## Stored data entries

════════════════

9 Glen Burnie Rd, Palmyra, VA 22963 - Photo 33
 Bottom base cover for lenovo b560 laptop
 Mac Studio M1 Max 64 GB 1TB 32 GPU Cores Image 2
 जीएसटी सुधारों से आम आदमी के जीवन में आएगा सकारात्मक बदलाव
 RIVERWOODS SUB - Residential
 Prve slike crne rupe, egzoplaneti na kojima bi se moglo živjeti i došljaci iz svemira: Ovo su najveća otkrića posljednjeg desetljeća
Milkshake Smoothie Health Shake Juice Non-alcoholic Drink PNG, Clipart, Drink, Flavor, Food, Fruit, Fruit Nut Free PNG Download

════════════════

## WORK INSTRUCTIONS
Nothing but the lines from the line containing "Mac Studio M1" through the final line of the entries should appear in your answer, copied exactly.

## EXERCISE RESPONSE
 Mac Studio M1 Max 64 GB 1TB 32 GPU Cores Image 2
 जीएसटी सुधारों से आम आदमी के जीवन में आएगा सकारात्मक बदलाव
 RIVERWOODS SUB - Residential
 Prve slike crne rupe, egzoplaneti na kojima bi se moglo živjeti i došljaci iz svemira: Ovo su najveća otkrića posljednjeg desetljeća
Milkshake Smoothie Health Shake Juice Non-alcoholic Drink PNG, Clipart, Drink, Flavor, Food, Fruit, Fruit Nut Free PNG Download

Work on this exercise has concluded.